**Data extracts**
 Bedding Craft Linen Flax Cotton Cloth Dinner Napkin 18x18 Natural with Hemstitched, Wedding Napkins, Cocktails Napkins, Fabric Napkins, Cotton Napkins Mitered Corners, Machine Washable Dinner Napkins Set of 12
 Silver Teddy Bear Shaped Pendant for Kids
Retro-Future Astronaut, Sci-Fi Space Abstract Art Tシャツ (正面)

---

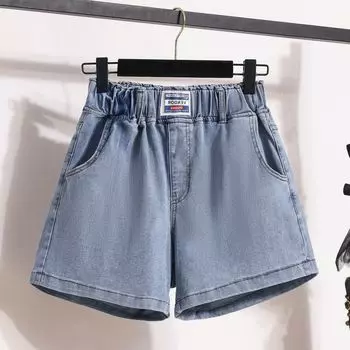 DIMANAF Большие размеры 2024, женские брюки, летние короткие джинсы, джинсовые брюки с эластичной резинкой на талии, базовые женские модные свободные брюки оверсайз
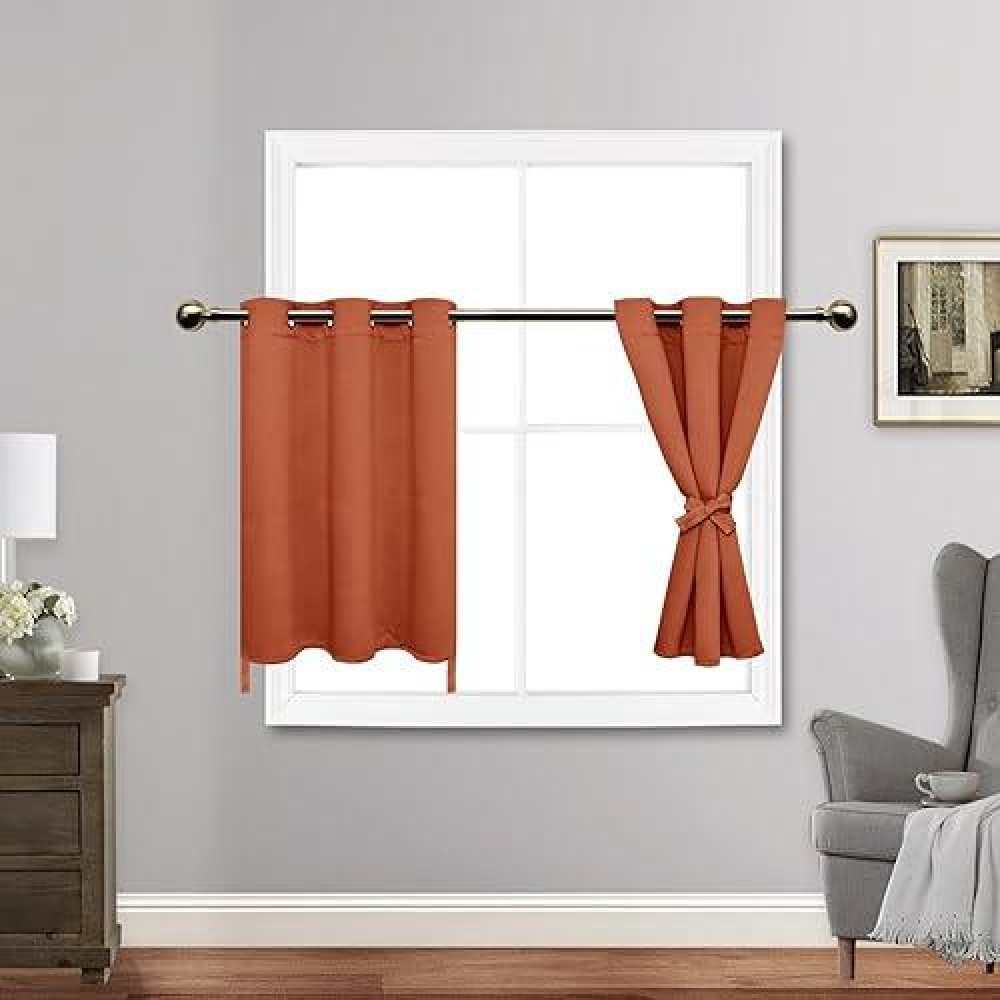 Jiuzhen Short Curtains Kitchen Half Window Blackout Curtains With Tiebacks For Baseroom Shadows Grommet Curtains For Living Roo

==

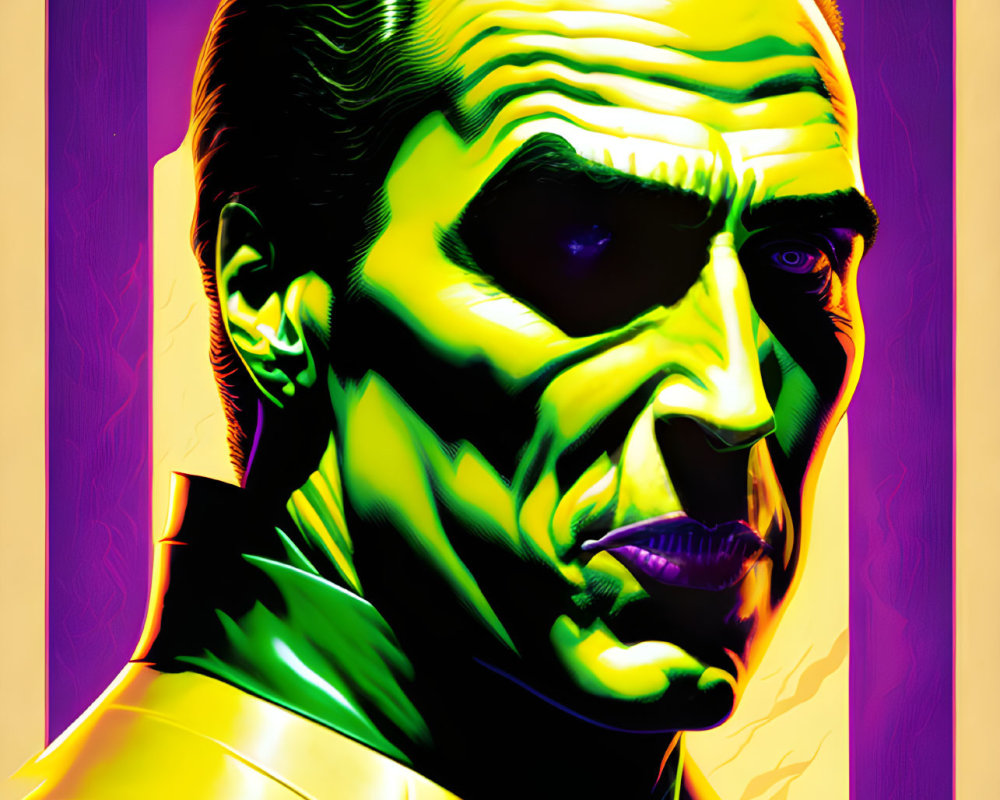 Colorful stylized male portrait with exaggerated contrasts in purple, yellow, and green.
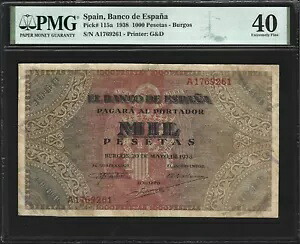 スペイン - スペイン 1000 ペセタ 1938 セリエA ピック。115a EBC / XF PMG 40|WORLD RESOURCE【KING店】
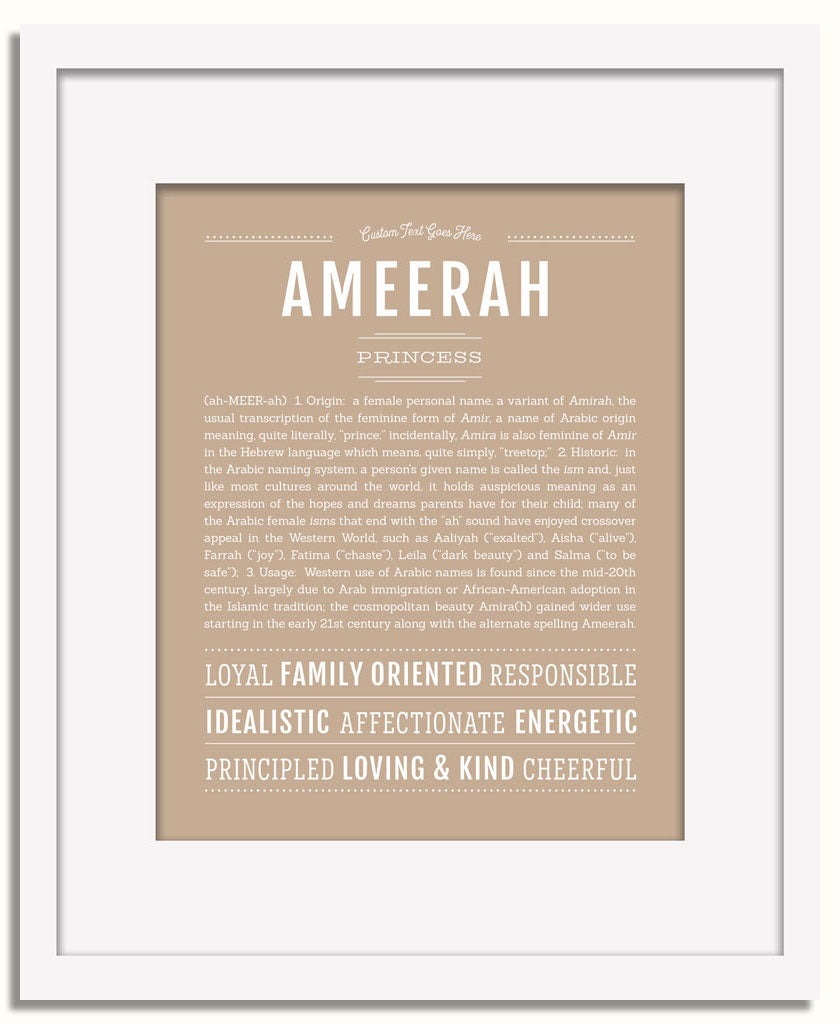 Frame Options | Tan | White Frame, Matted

**Activity**
Using the data above, retype exactly and only the lines from the one containing "DIMANAF Большие размеры" up to and including the one containing "Jiuzhen Short Curtains", with no pictures carried over.

**Response**
 DIMANAF Большие размеры 2024, женские брюки, летние короткие джинсы, джинсовые брюки с эластичной резинкой на талии, базовые женские модные свободные брюки оверсайз
 Jiuzhen Short Curtains Kitchen Half Window Blackout Curtains With Tiebacks For Baseroom Shadows Grommet Curtains For Living Roo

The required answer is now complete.